Es ist schwer, über manche oft sehr persönliche Dinge solcher Fahrten zu berichten. Aber gerade sie sind meist besonders entscheidend für das Erlebnis der Landschaften. Denn Landschaft und Mensch werden, je mehr man sich in sie versenkt, zu einer Einheit. Wind und Wolkenzug, Licht und Schatten, Ebbe und Flut ziehen auch durch Blut und Atem, durch Denken, Wollen und Handeln der Menschen. Es ist eine magische Verbundenheit, vom Künstler erahnt, für die Wissenschaft noch ein Neuland, das aber keineswegs unbetreten bleiben wird. Es ist mir darum leichter geworden, von meinen Reisen zu erzählen, wenn ich sie gleichsam als die Erlebnisse Fremder beobachtend gestaltete.
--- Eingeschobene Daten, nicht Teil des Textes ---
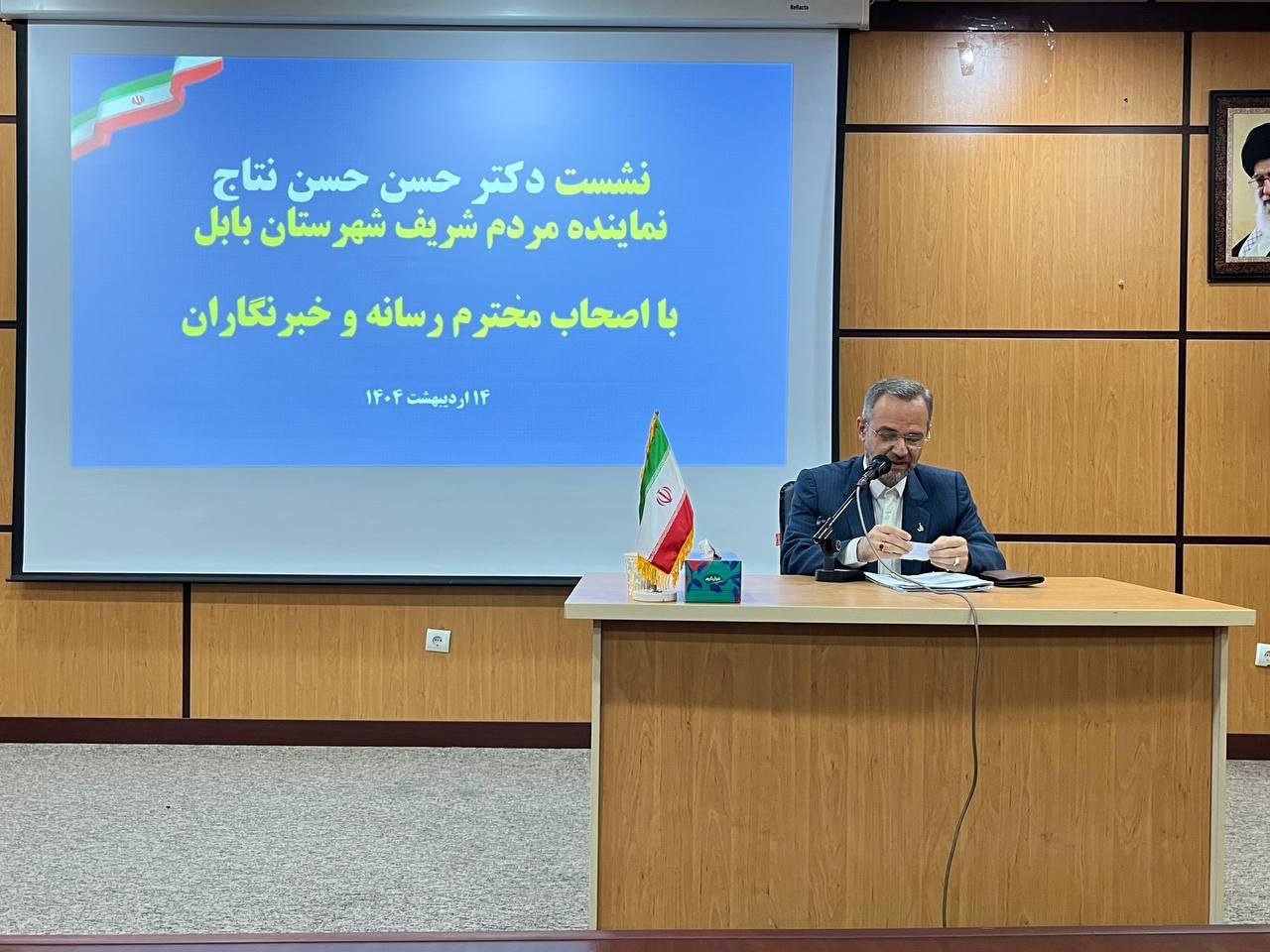 رسانه ها در تخصیص اعتبارات به کمک‌ مسئولان بیایند 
Auch sind viele meiner Fahrten so abenteuerlich gewesen, daß ein schlichter Bericht wie Aufschneiderei wirken würde. So habe ich sie zuweilen als Einzelgeschichten von Jan, Inge und Heio erzählen lassen, obgleich ich sie alle selbst erlebt habe.
Von meinen jahrelangen Forschungen, Fahrten und Abenteuern in allen Teilen dieses Wattengebietes kann ich die drei Kameraden berichten lassen, die ich hier zum Eingang vorstelle - Fahrten, die Mühe und Schweiß, Gefahr und bittere Todesangst, aber auch ein reiches Glücksgefühl schenkten, wie jedes Vordringen ins Unbekannte, das mit ganzem Herzen geschieht.